When the Toads Return in February
Ribbons of toad eggs in a pond. Photo © Yury Li-Toroptsov
It is still February, at least according to the calendar, yet the weather in France over the past days has followed a different logic. A warm air mass has travelled north from Africa and temperatures have risen well above what this time of year would normally allow. Winter has not ended, and yet something in the garden has decided that it has.
The pond, which only a short while ago seemed inert, has come back to life. The toads have emerged from hibernation and have already begun their love parades, which in itself would be surprising enough in late March, but feels almost surreal in February. Yesterday morning I noticed long translucent ribbons wrapped around the stems of aquatic plants in the fish pond. Toad eggs. A new generation is already on its way, before winter has formally released its grip.
If one pays attention to the way plants react to the smallest amounts of sun and water at this time of year, one witnesses something that urban life tends to make us forget. Nature does not spend much time contemplating its next move. It does not wait for ideal conditions, nor does it seek reassurance before beginning again. A slight increase in warmth, a few hours of light, a brief spell of rain, and growth begins. Shoots appear where there was nothing the day before. Buds swell. Moss spreads quietly over stone. You cut grass in one place and it reappears somewhere else. The underlying principle seems to be simple, almost blunt in its persistence: grow, gain space, blossom, produce progeny, and then move on, leaving space for another generation.

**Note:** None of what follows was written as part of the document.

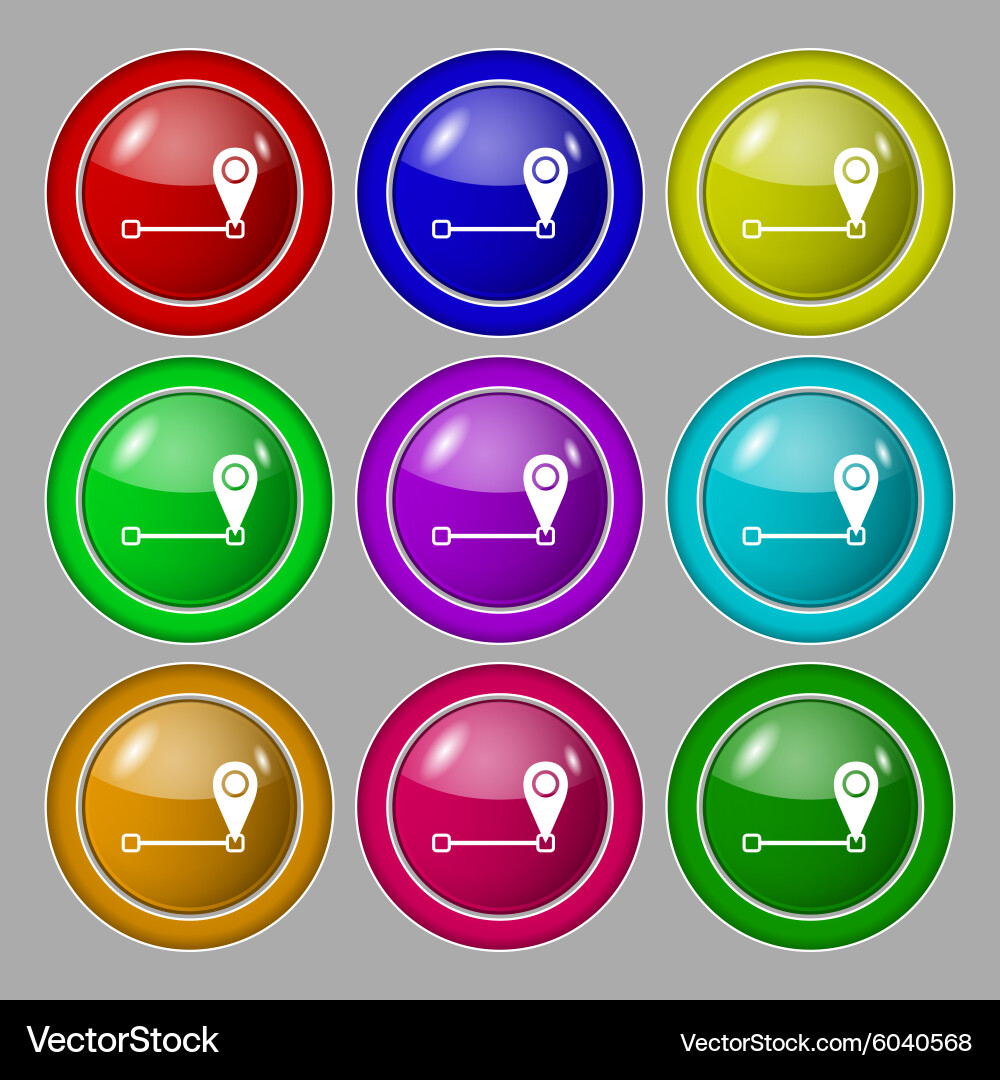 Map pointer icon sign symbol on nine round vector image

In the city, nature is present, but it is coiffed, trimmed, and subdued. Trees are pruned into shapes that fit our avenues. Lawns are cut short to match our sense of order. Flowerbeds are arranged according to aesthetic plans rather than seasonal necessity. It takes only a short distance beyond the confines of the urban perimeter to encounter a nature that runs its own course, indifferent to our schedules and to our preferences. There, time becomes visible again through rhythms rather than through deadlines.
These rhythms are not abstract. They structure everything: dormancy, emergence, mating, reproduction, decay, renewal. To live in accordance with them is not a romantic idea but a biological one. When one phase is rushed or ignored, the cycle weakens. When several are consistently denied, the system begins to falter.

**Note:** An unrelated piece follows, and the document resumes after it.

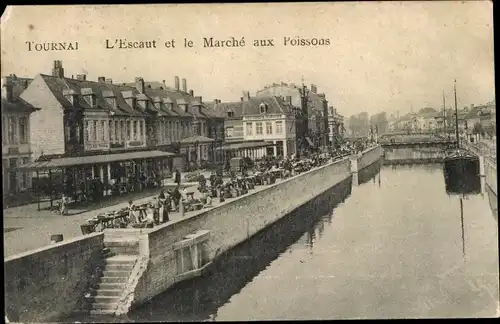 Ak Tournai Wallonien Hennegau, L'Escaut et le Marché aux Poissons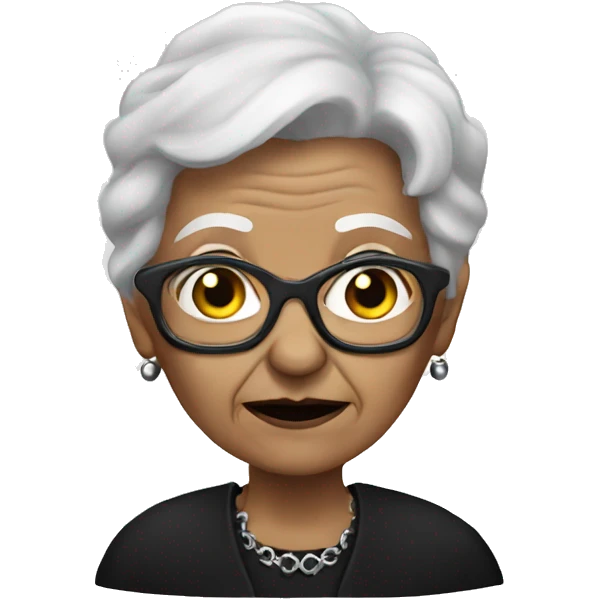 Goth grandma emoji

I feel that city life made me forget much of this, even though it was the basic reality of my early years. I was born and raised on a farm, where seasonal change dictated the tempo of daily life. Reconnecting with nature outside, even through something as modest as observing a garden pond in February, brings back this older knowledge with surprising force. It also reconnects one with a different kind of nature inside oneself, one that seems to follow similar laws of latency, activation, growth, and rest.
To step outside and witness these processes is not only to observe the world but to remember something about how one’s own life unfolds. Find a moment to do that.